- RECORDS SUPPLIED -
#####
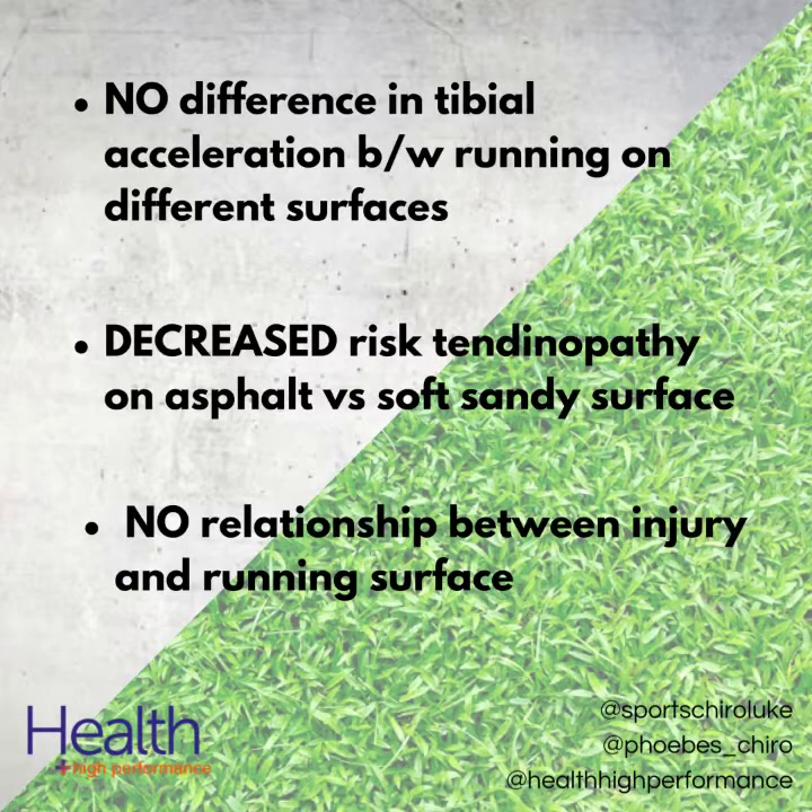What do other studies have to say on this? Looking at the findings from other studies exploring the same topic, we see no difference in tibial acceleration between running on concrete, synthetic track, natural grass, normal treadmill and a cushioned treadmill. Compared to running on a sandy soft surface, running on asphalt actually decreased the risk of tendinopathy. And a 2003 study by Taunton found no relationship between injury and running surface.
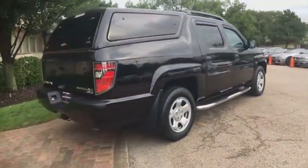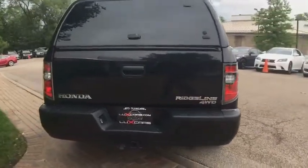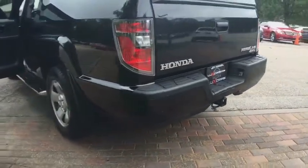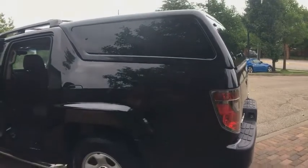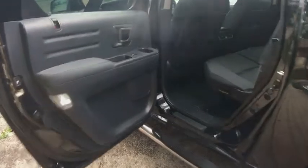Buy with confidence — our qualified pre-owned vehicles are covered with a 3-month or 3,000-mile limited vehicle protection warranty. Schedule a test drive today at 847-947-2900 or www.luxcarschicago.com. Lux Cars Chicago is the ultimate source for all your automobile-related needs.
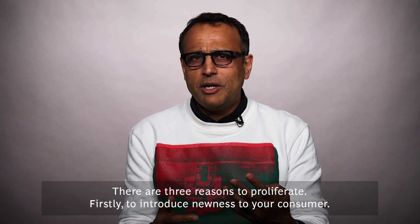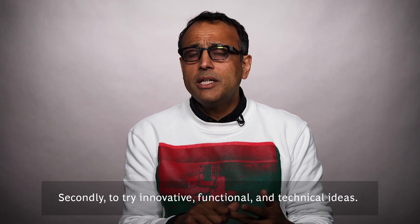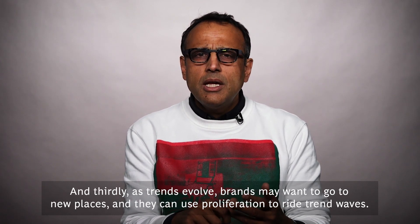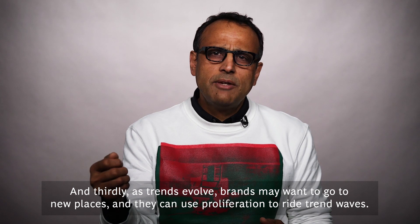There are three reasons to proliferate. Firstly, to introduce newness to your consumer. Secondly, to try innovative, functional, and technical ideas. And thirdly, as trends evolve, brands may want to go to new places and they can use proliferation to ride trend waves.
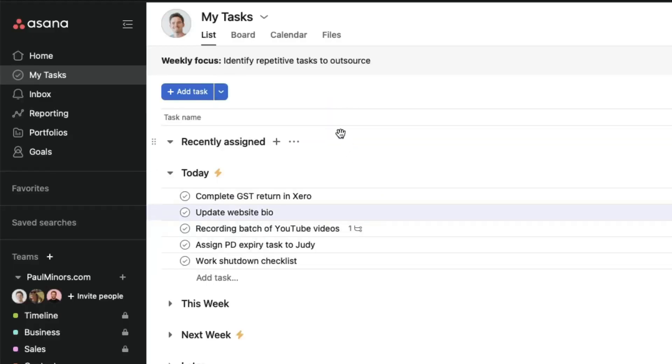Even though, as the name suggests, this is your weekly focus, I've been using it in a slightly different way. I like to think of the weekly focus almost as like a sticky note that is pinned to the top of my Asana, whether I'm on the desktop version or if I've got Asana open on my phone. It's kind of like a nice reminder of something important that I want to keep top of mind.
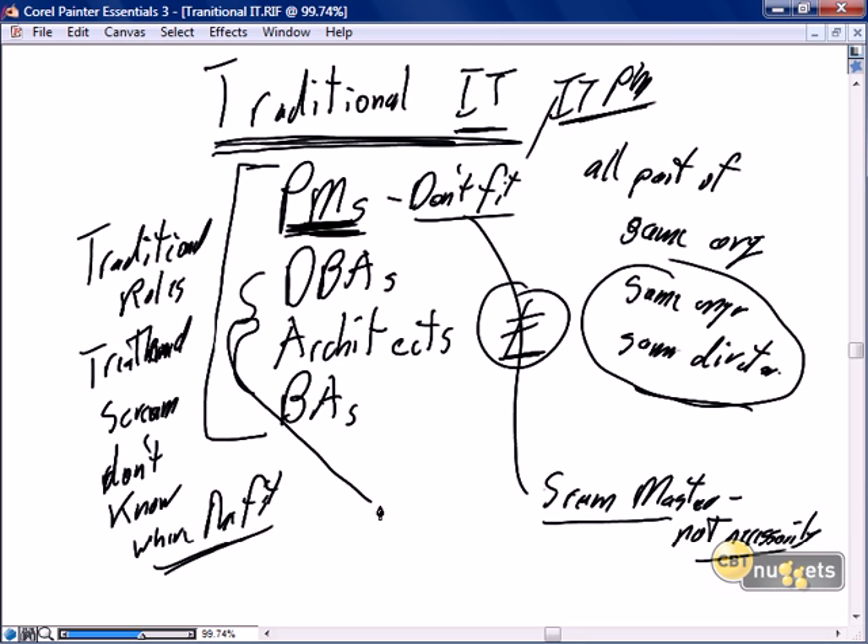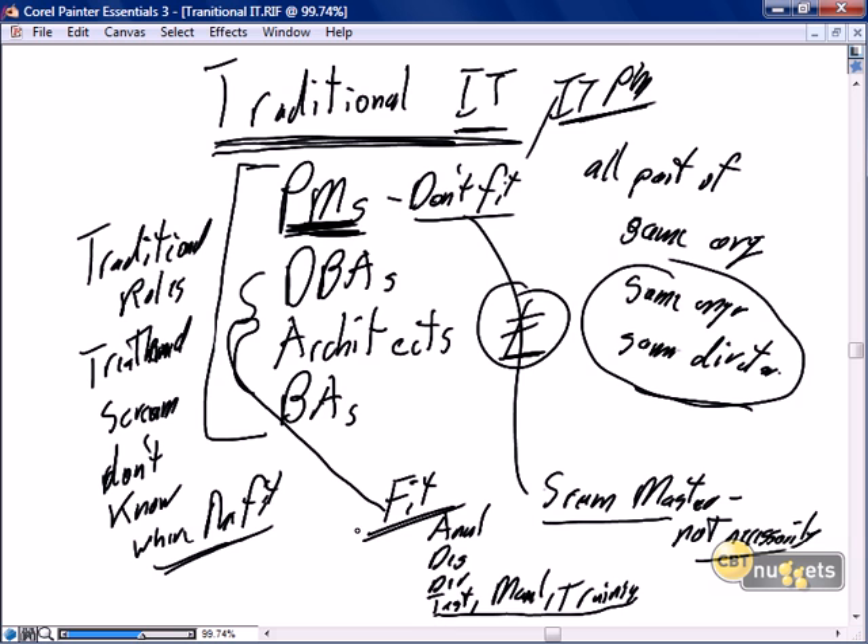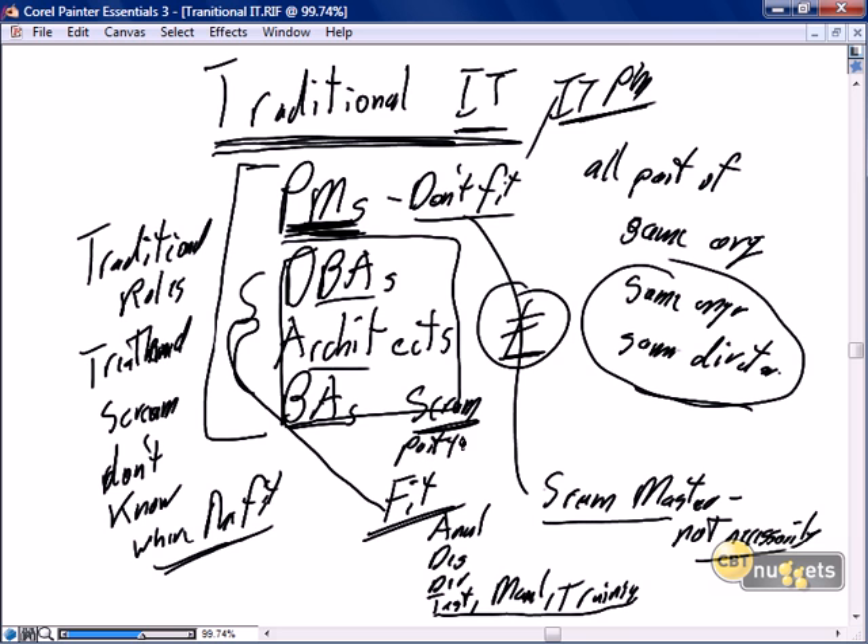The rest — the DBAs, the architects, the BAs — there is an absolute fit. Scrum does not replace anything IT does. We still do analysis, design, development, testing, manuals, training, and so on. So there is an absolute need for DBAs, architects, and BAs in Scrum. The big difference is their role is part-time DBA, part-time architect, part-time BA — but also part-time analyst, part-time designer, part-time developer, part-time tester, part-time procedure manual writer, part-time trainer.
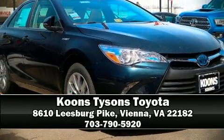Our sales reps are knowledgeable and professional. Come on in and take a test drive.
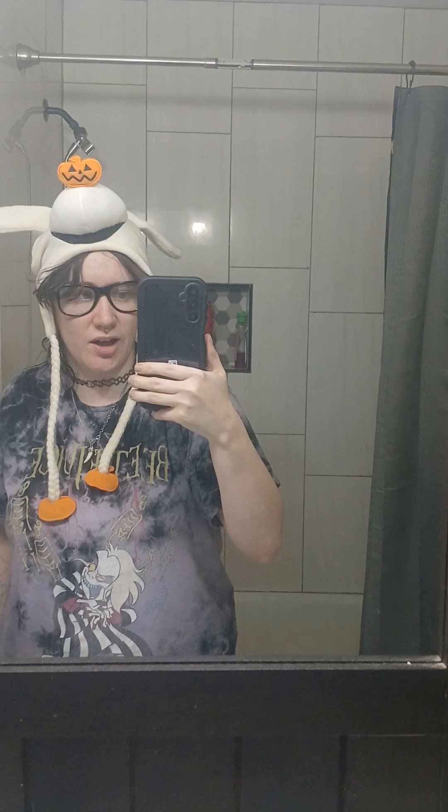Welcome back pumpkin heads! In this video I want to show y'all how I have decorated for Halloween, and for stuff that I'm just gonna leave up all year long because I'm a weirdo.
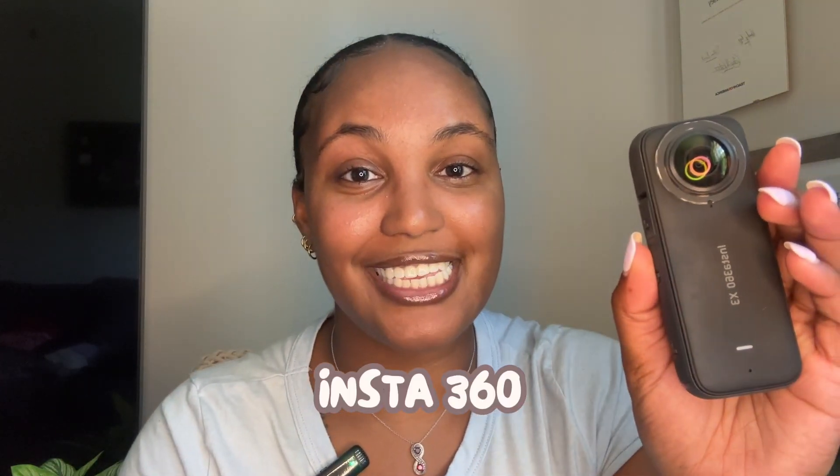Next, we have the Insta360. This is one way to make your content look unique and stand out. This camera lets you capture 360 footage, which is perfect for travel content, action shots, or even just adding a little twist to your video. It's my go-to for travels that revolve around adventure — I've taken it on hikes, on a catamaran in the middle of the ocean, and on a boat in the Amazon rainforest. It's easy to use and very compact, and it gives viewers that dynamic experience that's a little difficult to achieve with traditional cameras. If you want more gear recommendations, check the link below in the description.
#####
- THE PROBLEM -
Reproduce the entries exactly, from the line with "There are three" to the line with "The rest — the", both lines included, keeping no pictures.

- ANSWER TO THIS PROBLEM -
There are three reasons to proliferate. Firstly, to introduce newness to your consumer. Secondly, to try innovative, functional, and technical ideas. And thirdly, as trends evolve, brands may want to go to new places and they can use proliferation to ride trend waves.
Even though, as the name suggests, this is your weekly focus, I've been using it in a slightly different way. I like to think of the weekly focus almost as like a sticky note that is pinned to the top of my Asana, whether I'm on the desktop version or if I've got Asana open on my phone. It's kind of like a nice reminder of something important that I want to keep top of mind.
The rest — the DBAs, the architects, the BAs — there is an absolute fit. Scrum does not replace anything IT does. We still do analysis, design, development, testing, manuals, training, and so on. So there is an absolute need for DBAs, architects, and BAs in Scrum. The big difference is their role is part-time DBA, part-time architect, part-time BA — but also part-time analyst, part-time designer, part-time developer, part-time tester, part-time procedure manual writer, part-time trainer.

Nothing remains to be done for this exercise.